Problem details: All of the data, word for word and free of pictures, is the expected result.

Data:

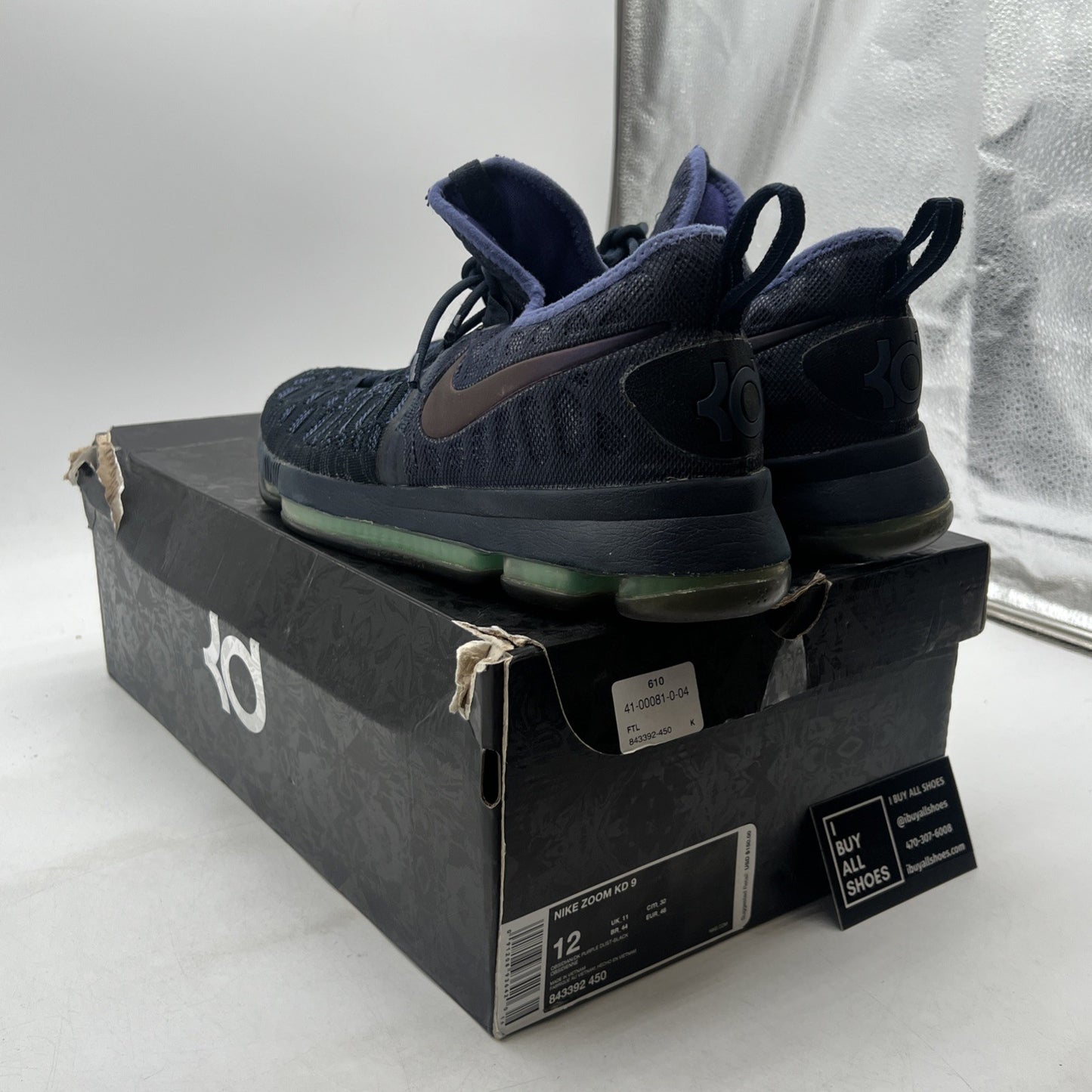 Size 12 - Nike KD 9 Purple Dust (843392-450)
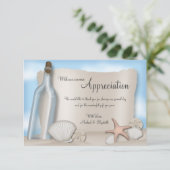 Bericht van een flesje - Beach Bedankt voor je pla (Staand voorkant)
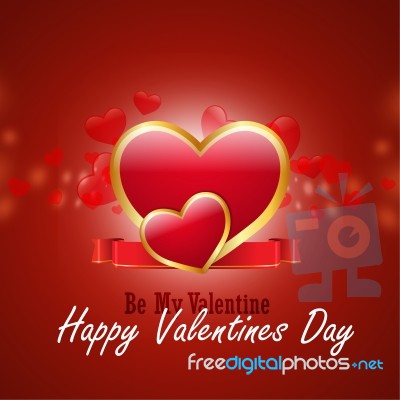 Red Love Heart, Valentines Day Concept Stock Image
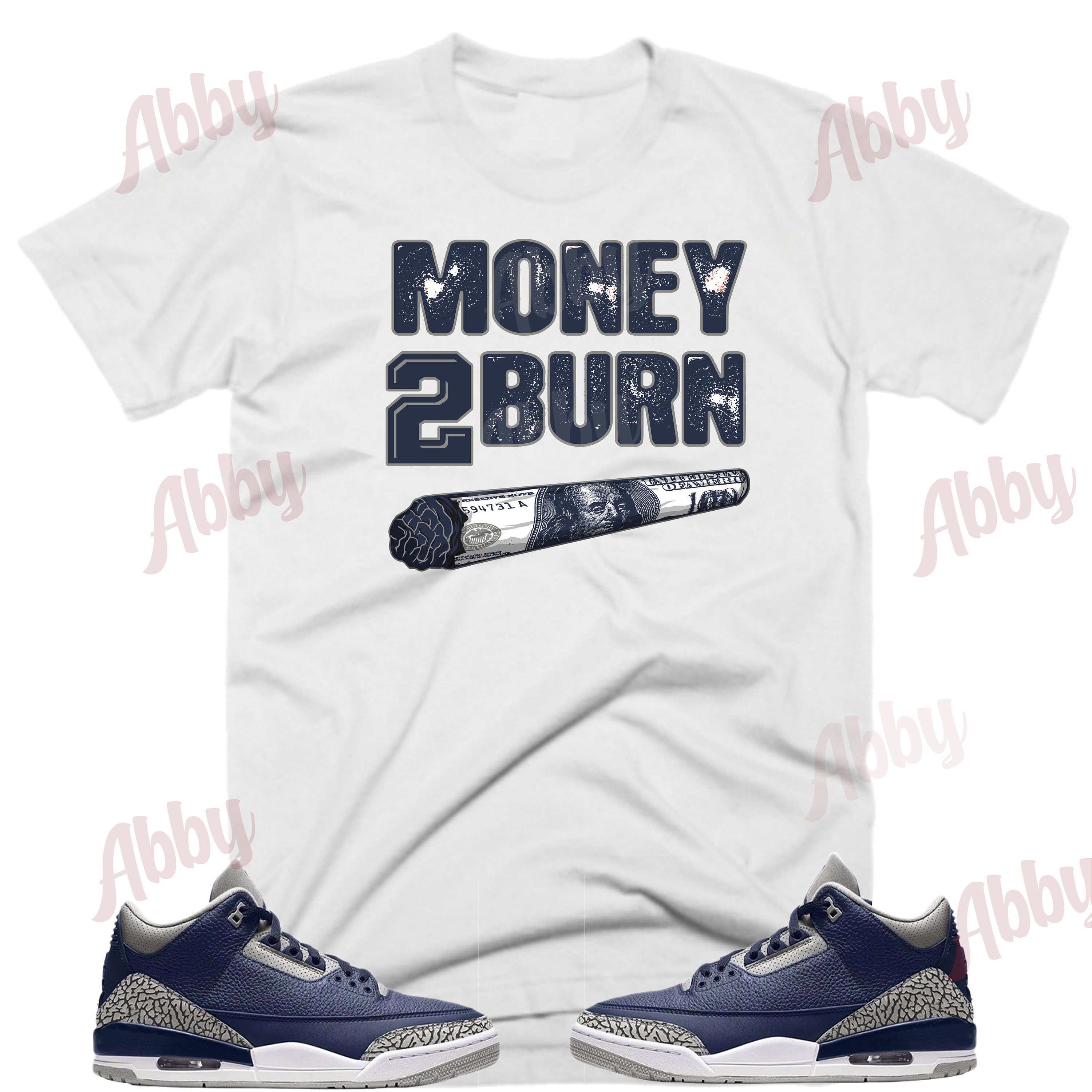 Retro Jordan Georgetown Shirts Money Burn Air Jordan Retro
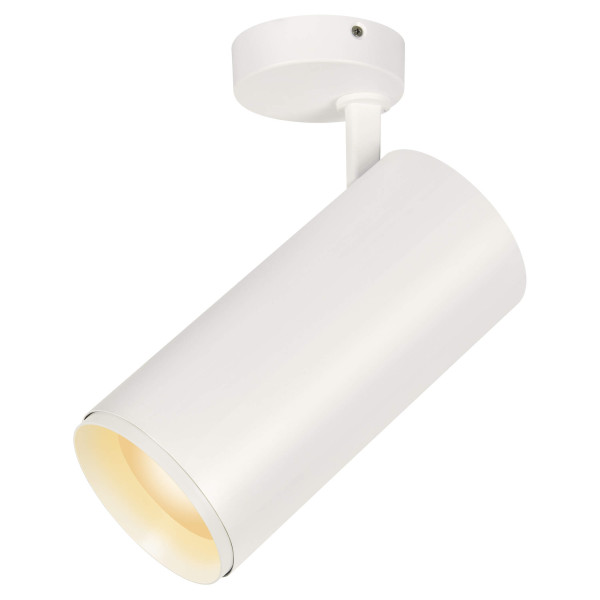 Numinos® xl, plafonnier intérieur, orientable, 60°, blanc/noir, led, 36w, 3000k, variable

Problem solution:
 Size 12 - Nike KD 9 Purple Dust (843392-450)
 Bericht van een flesje - Beach Bedankt voor je pla (Staand voorkant)
 Red Love Heart, Valentines Day Concept Stock Image
 Retro Jordan Georgetown Shirts Money Burn Air Jordan Retro
 Numinos® xl, plafonnier intérieur, orientable, 60°, blanc/noir, led, 36w, 3000k, variable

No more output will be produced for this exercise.